- _Exercise details_: Copy exactly the lines of the records below, and only those lines, beginning with the line that contains "غطاء عصا التحكم" and ending with the line that contains "Pokémon - Enceinte".

- _Task material_:
# # # # #
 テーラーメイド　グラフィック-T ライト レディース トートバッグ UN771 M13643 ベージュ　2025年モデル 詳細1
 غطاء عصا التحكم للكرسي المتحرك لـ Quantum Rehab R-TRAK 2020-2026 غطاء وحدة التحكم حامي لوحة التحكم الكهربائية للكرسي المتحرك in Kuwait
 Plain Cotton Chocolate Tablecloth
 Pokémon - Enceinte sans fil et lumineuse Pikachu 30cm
# # # # #
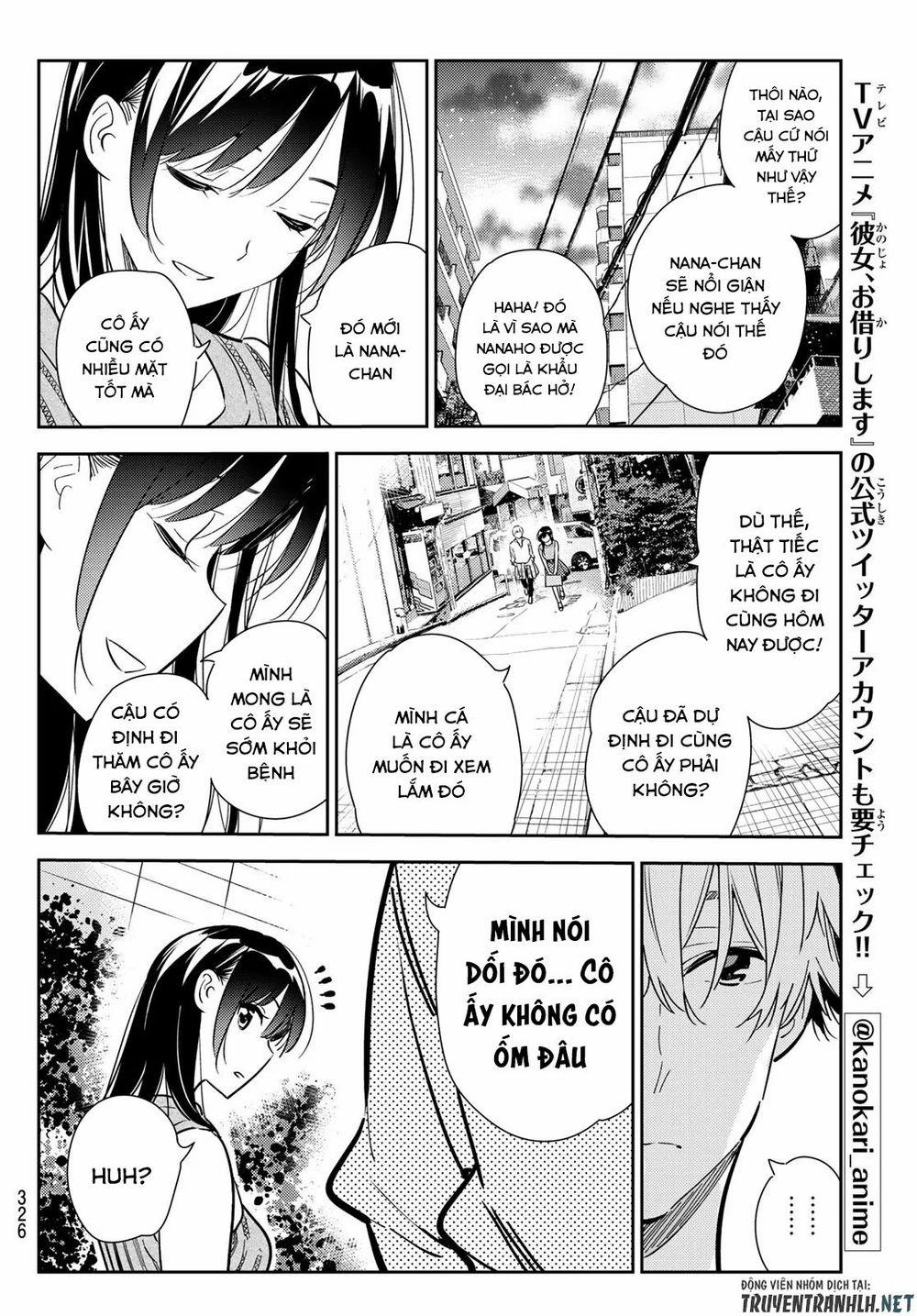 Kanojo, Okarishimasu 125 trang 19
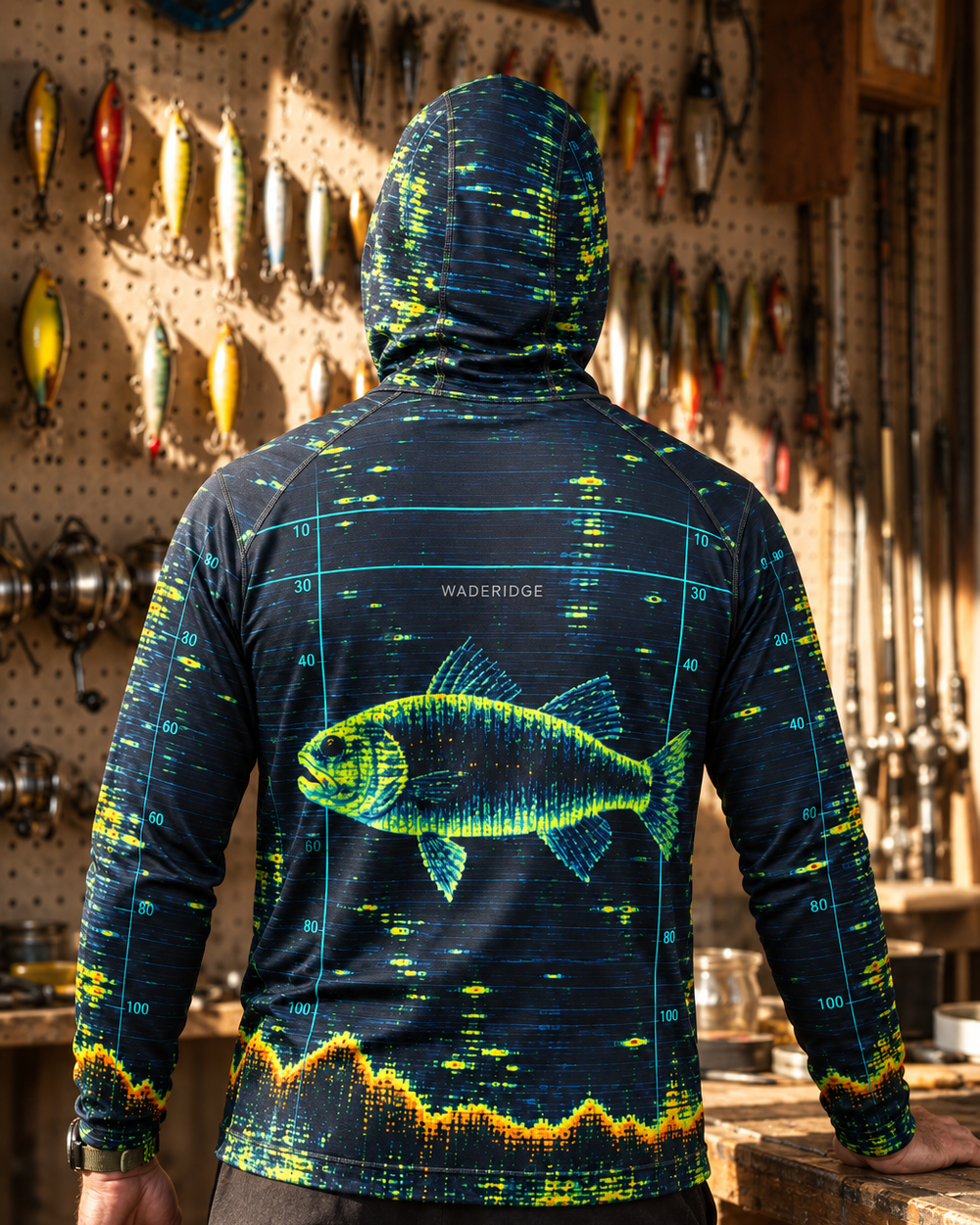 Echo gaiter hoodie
# # # # #
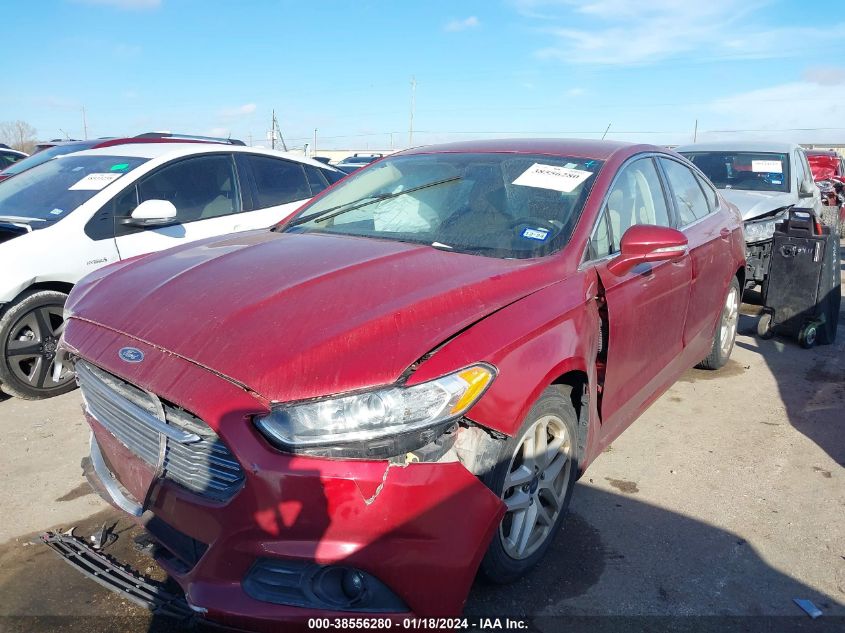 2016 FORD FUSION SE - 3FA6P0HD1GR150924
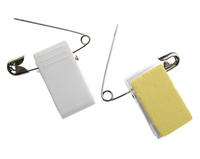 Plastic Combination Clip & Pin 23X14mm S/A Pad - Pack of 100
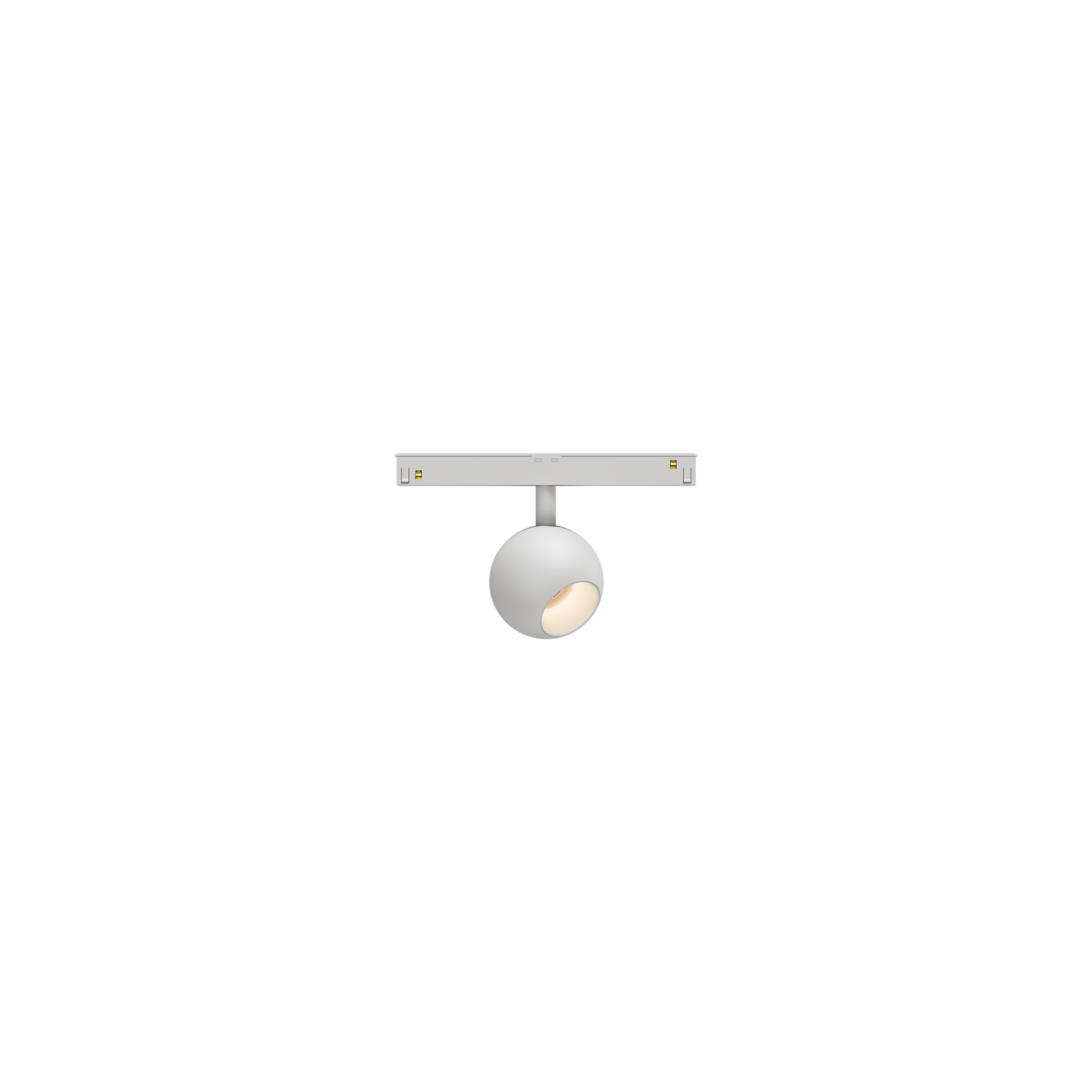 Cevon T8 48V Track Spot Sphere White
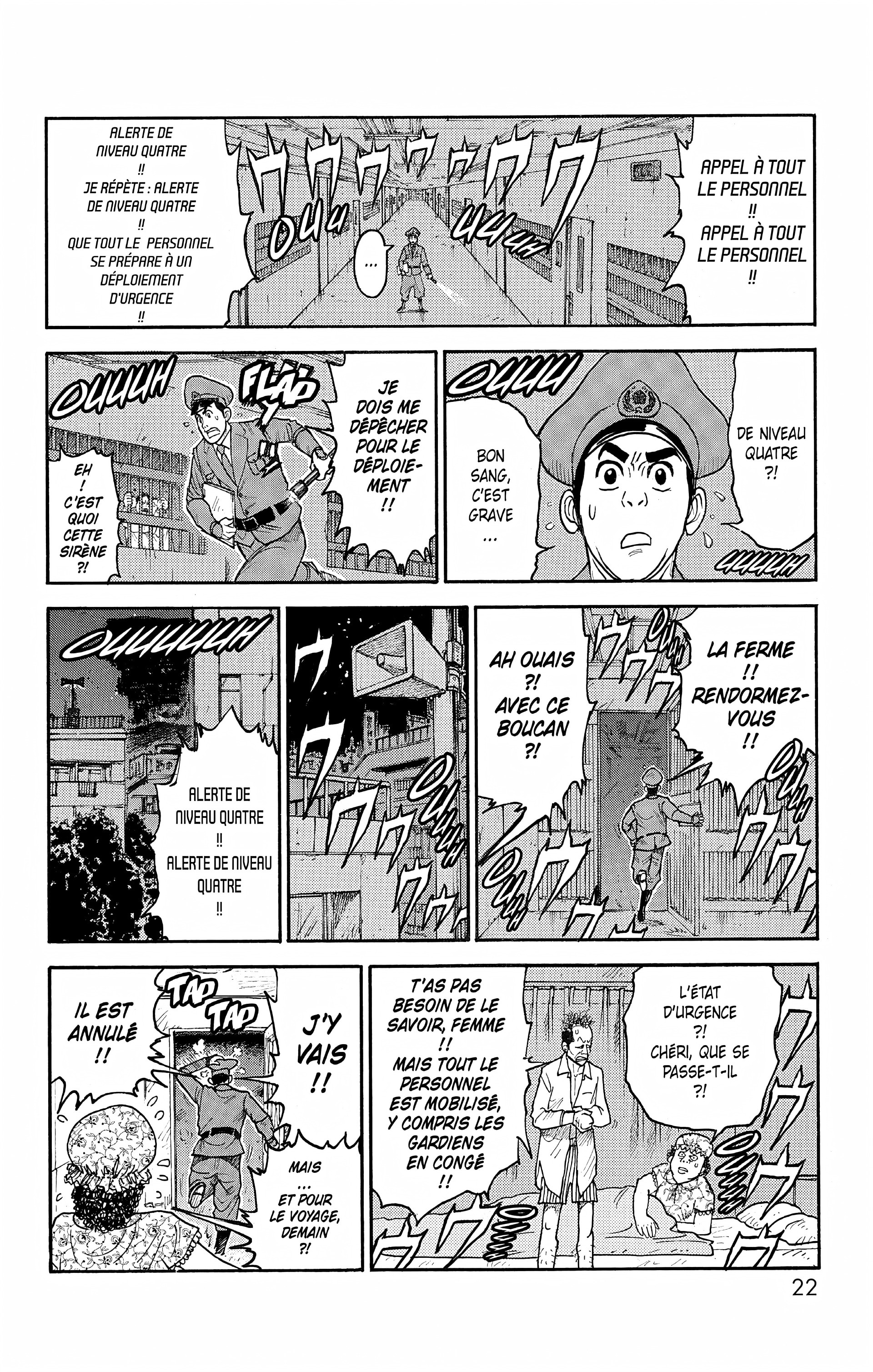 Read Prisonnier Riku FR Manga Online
# # # # #
- _Expected answer_:
 غطاء عصا التحكم للكرسي المتحرك لـ Quantum Rehab R-TRAK 2020-2026 غطاء وحدة التحكم حامي لوحة التحكم الكهربائية للكرسي المتحرك in Kuwait
 Plain Cotton Chocolate Tablecloth
 Pokémon - Enceinte sans fil et lumineuse Pikachu 30cm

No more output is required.